O’Rourke thinks that if he wins in November, he’ll have something important to add to national debates around drug laws and immigration, issues on which he believes both parties are badly misguided. The GOP drives the debate ever-further to the right and the Democrats, fearful of appearing soft on crime, cower.
O’Rourke will likely get the chance to bring some sanity to Washington. The 16th District is an anomaly in the state’s deep-red political landscape, its population about 80 percent Hispanic and heavily Democratic. It went for Obama by about 33 points in 2008.
In These Times recently put a few questions to him.
You’ve noted that cities with large immigrant populations are also some of the safest in the United States. That seems counterintuitive — the border has a reputation for being so violent.
El Paso is the safest city in the country with a population over 500,000. It may be because you have very progressive law enforcement officials here who refuse to enforce federal immigration laws. The ability of people, regardless of status, to feel welcome here is key. And the really strong, family-centric values that you have in immigrant communities have to be a part of it.
The border is the safest part of the state. But for so many, the border has become this convenient foil to look tough on crime, tough on immigration, tough on these Mexicans who want to come and take our jobs and our benefits, and give our kids drugs.
How do you change that narrative?
It’s a 2,000-mile border from San Diego to Brownsville; I stick to El Paso’s story. We’re the largest bi-national community in the world. The other story is about why you have the safest city in the United States, El Paso, next to Ciudad Juárez, which from 2008 to 2011 was the deadliest in the world, bar none.
So it’s about telling El Paso’s story, and how immigration has been a net positive and how the policies that we have in the U.S. further the violence on the other side of the border. Talking about the positives is our challenge — versus what Democrats have been doing for the past 20 years, which is apologizing for the border and riding along with the Republicans on this premise that we’ll “secure” the border, then we’ll pivot and reform immigration laws. Unfortunately, our president has played into this idea that we’ll do all these things to satisfy the hardliners on the other side, and then we’ll do immigration reform.
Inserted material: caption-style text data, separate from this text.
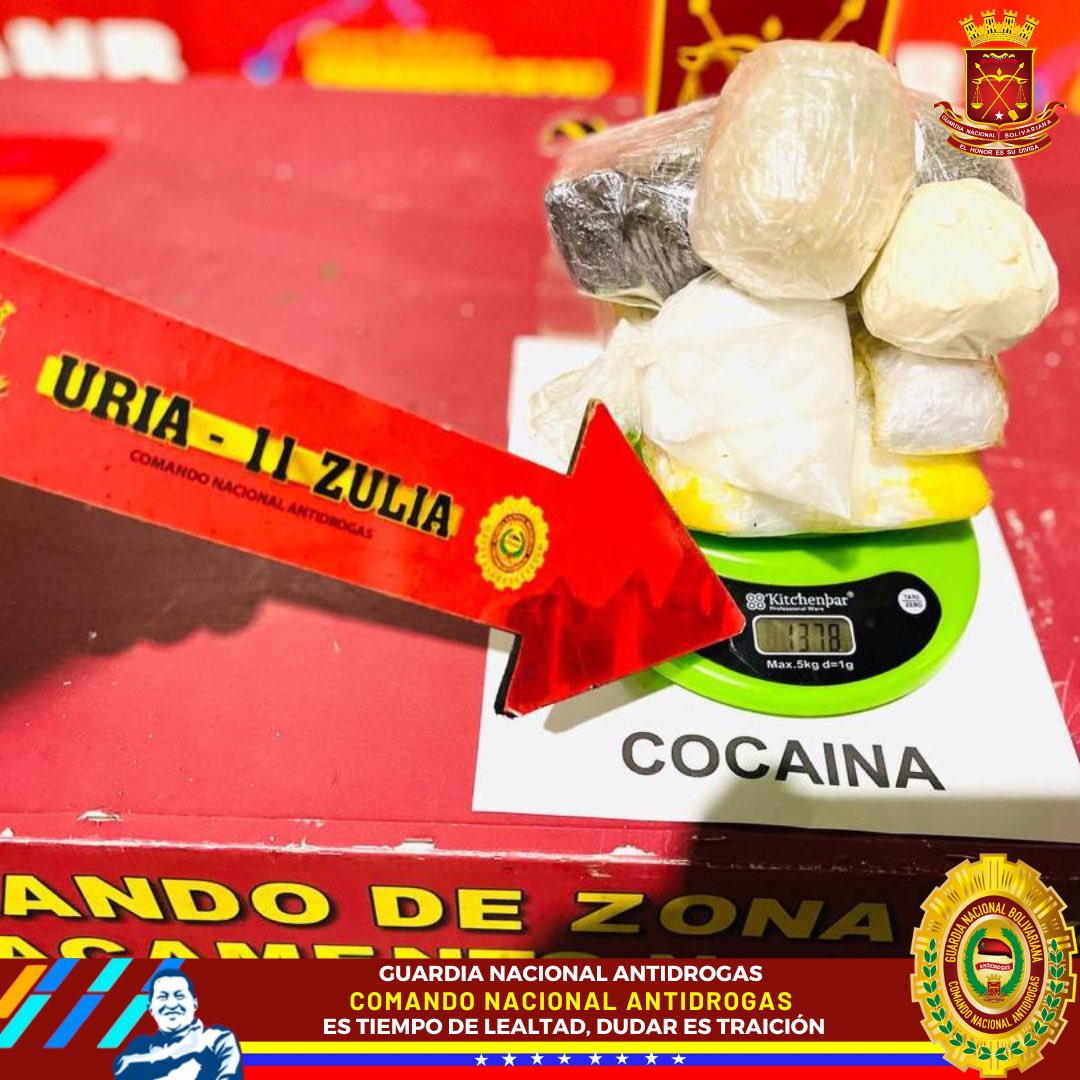 Efectivos #FANB en labores de patrullaje y escudriñamiento en el sector El Marite Maracaibo, Edo. Zulia, incautaron 8 envoltorios de Cocaína con peso de 1,378 kg y 2 envoltorios de Marihuana con peso de 1,015 kg ocultos en las pertenencias de cuatro (04) ciudadanos detenidos.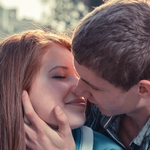 couple kiss wallpaper for PC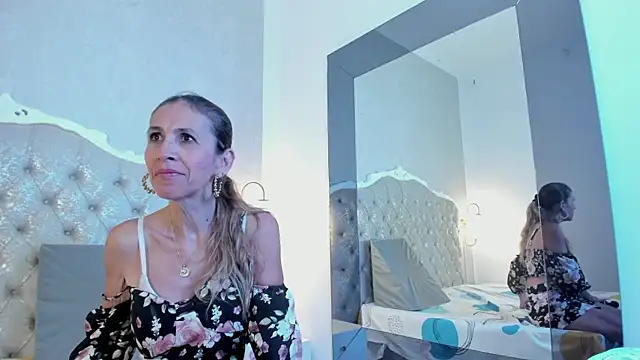 Snapshot of KristalMature chatting on 27, 5, 2026 KristalMature online show from 27, 5, 2026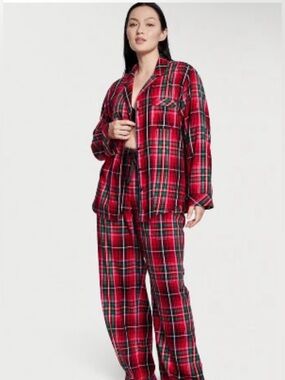 Victoria's Secret red plaid flannel long pajama set. Size XS Lipstick Beauty.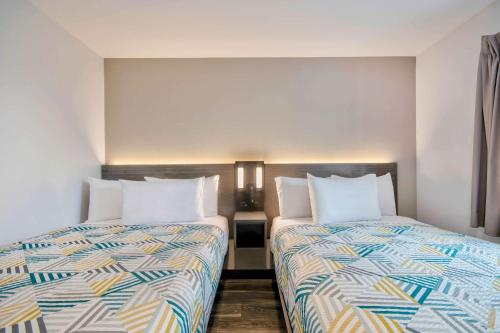 Motel 6-Marina CA - Monterey - image 10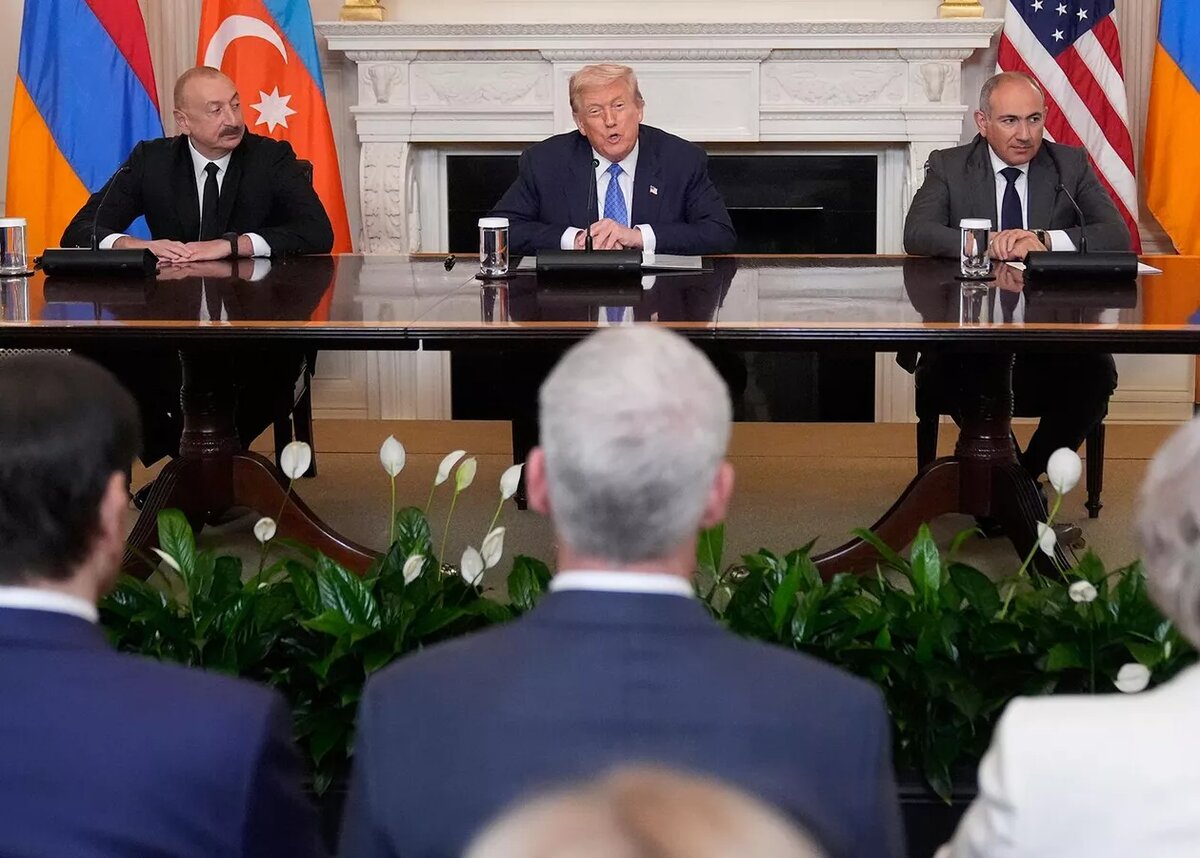 © AP Photo / Mark Schiefelbein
The truth is you’ll never satisfy those people. You build 600 miles of walls, they’ll want another 1,400 miles. You spend billions, they want $20 billion.
So let’s do what we think is right and not apologize for immigration. Let’s tell people what a huge positive it is. It defines who we are as a country to the rest of the world. It’s an amazing, positive message for other countries to see that we truly are a nation of immigrants.
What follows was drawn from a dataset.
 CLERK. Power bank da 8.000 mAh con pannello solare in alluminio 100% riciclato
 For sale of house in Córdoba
You’ve been a supporter of drug law reform, and several states are grappling with that issue in ballot initiatives this fall, so it seems to be gaining traction. Do you see it as one of your priorities if you’re elected?
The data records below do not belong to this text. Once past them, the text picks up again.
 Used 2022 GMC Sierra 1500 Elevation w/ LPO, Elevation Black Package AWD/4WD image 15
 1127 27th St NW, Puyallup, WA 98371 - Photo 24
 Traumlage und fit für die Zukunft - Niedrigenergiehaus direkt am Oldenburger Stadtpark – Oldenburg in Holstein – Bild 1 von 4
I want people to understand the consequences of the drug-war policies that we’ve had in place for the past 40 years, which do far more harm than good. They’re very tied to the deaths that we’ve seen in our community, they’re a waste of taxpayer dollars and they don’t achieve a single goal laid out in the drug war. So, can we recognize that what we’re doing is a failure? Yes? Okay, let’s talk about what should replace that. And I want to make sure that El Paso and communities along the U.S.- Mexico border have a very active role in shaping that policy. Because frankly, for 40 years we’ve just been on the receiving end of a lot of policies that are dreamt up in D.C. without any understanding of the implications for those of us living here.